Due to signals on the mascara DSC curve are generated by waxes, it was hypothesized that alterations in the curves of some mascaras could be a consequence of physicochemical changes in the constituent waxes, which is in agreement with evident alterations for mascaras which contained the blend of both heat sensitive waxes (M-2, M-3 and M-6). When comparing the stress at 50°C for 15 days with the other two control times (0 and 8 days at 50°C), an increase in peak enthalpies in more than 20% and separation phenomena were observed. Then, it is possible to say that the mixture of heat-sensitive waxes is one source of incompatibility that yields unstable mascaras.
Given that, it is recommended to check whether the waxes used for mascara manufacture are heat-sensitive. It is necessary to study the specific physicochemical interaction of waxes as well as their ratios, in order to continue the development of meaningful information to predict the stability of mascaras.
Changes in DSC curves of Wax-5 and Wax-6 when applying successive heating cycles were observed, indicating their heat-sensitive nature. Signals between 5 and 95°C on the DSC curve of the studied mascaras are related with the presence of waxes in their composition.
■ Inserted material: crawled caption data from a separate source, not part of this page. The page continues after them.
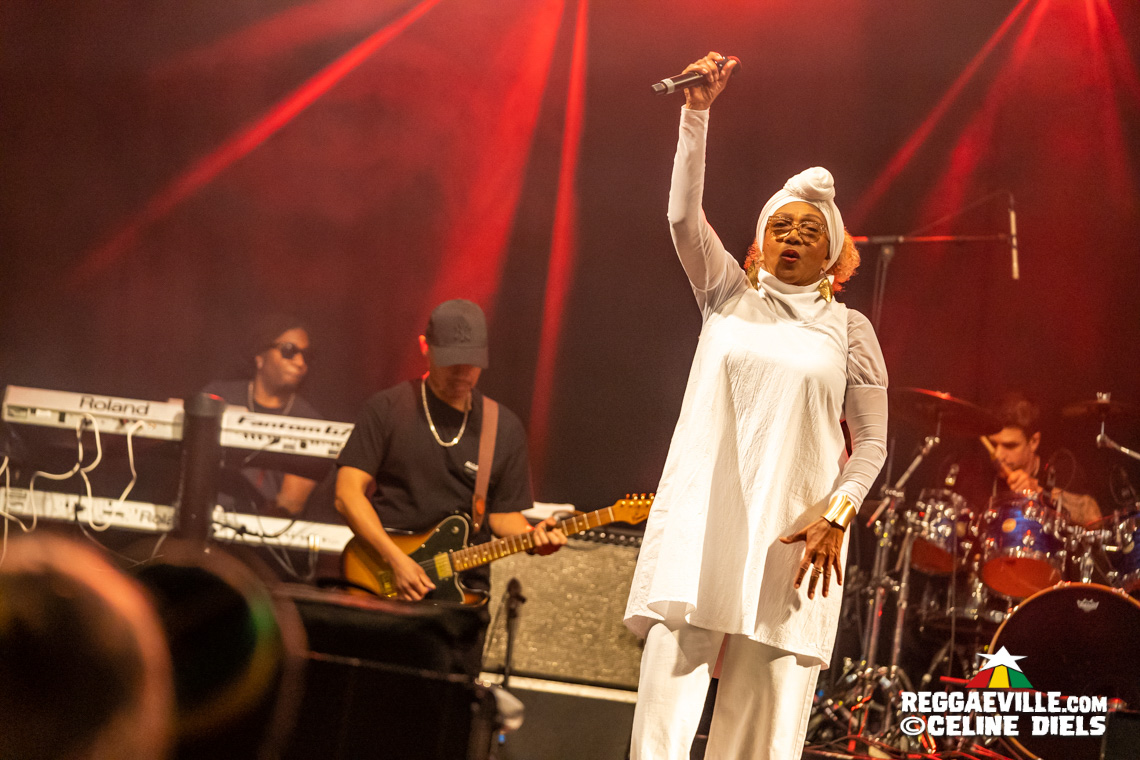 Marcia Griffiths, Tanya Stephens, Nattali Rize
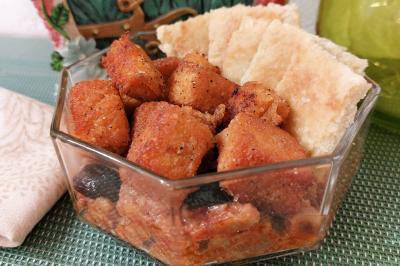 Assiette de triangles de pâte garnis d'une farce crémeuse, décorés de persil et disposés en cercle.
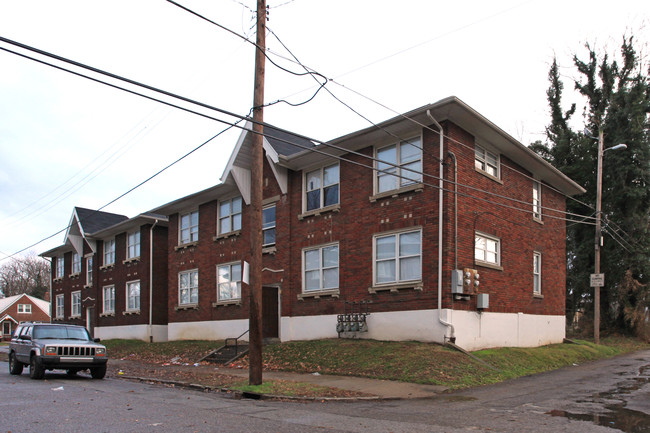 Directions Apartments in Louisville, KY - Building Photo - Building Photo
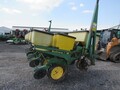 1992 John Deere 7200 Planter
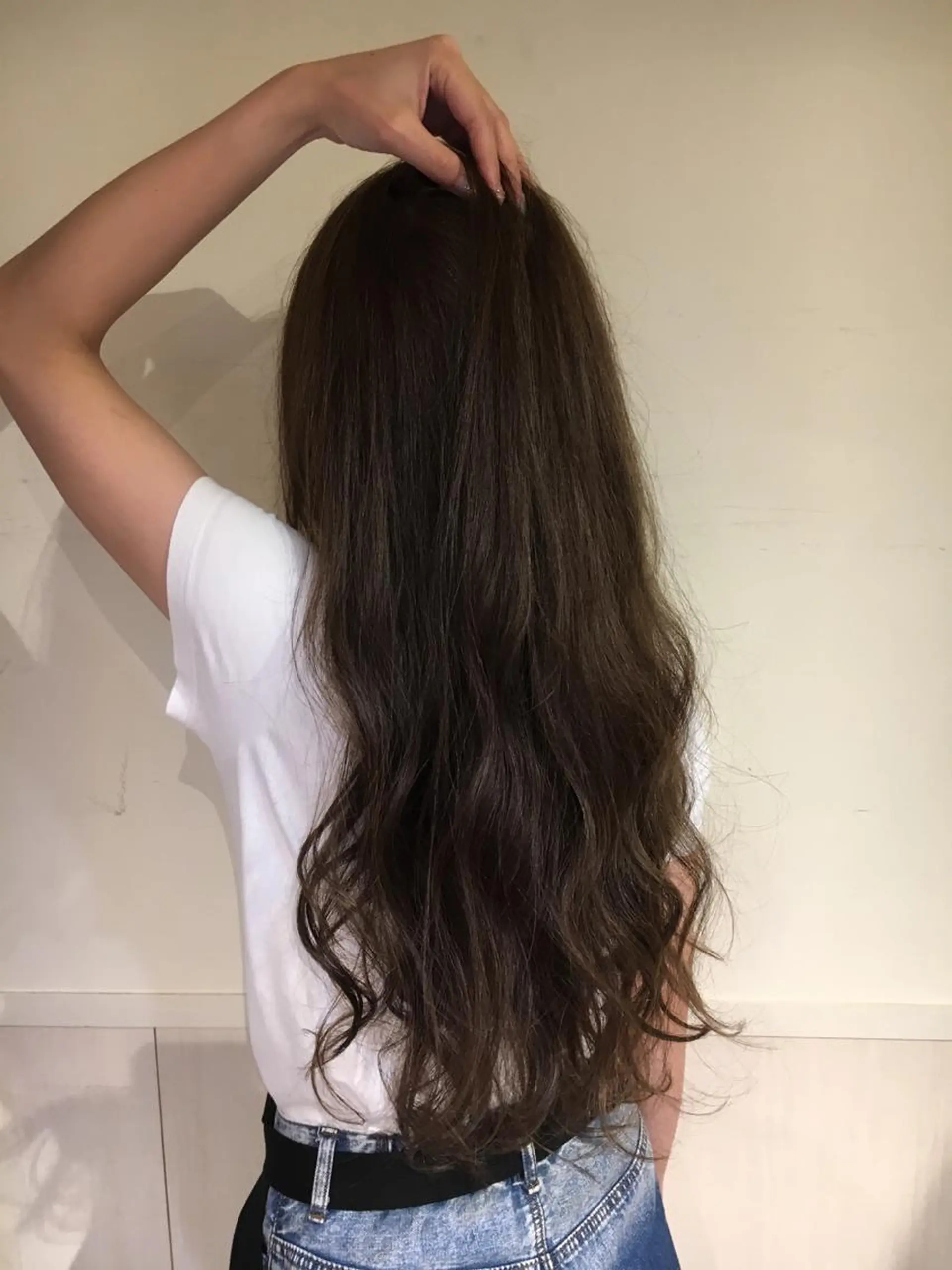 セミロング カラー 野崎 ひかりのヘアスタイル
Mascaras M-2, M-3 and M-6 displayed changes in their curves after 15 days at 50°C that were related with noticeable phase-separation, such separation could be a consequence of destabilization phenomena after blending at least two heat-sensitive waxes.
The authors acknowledge to all the Laboratory team from the Research, Development & Innovation Area of Belcorp for the help performing some measurements, getting all the mascara compositions and the fruitful academic discussions.
The current work was supported by Belcorp Company.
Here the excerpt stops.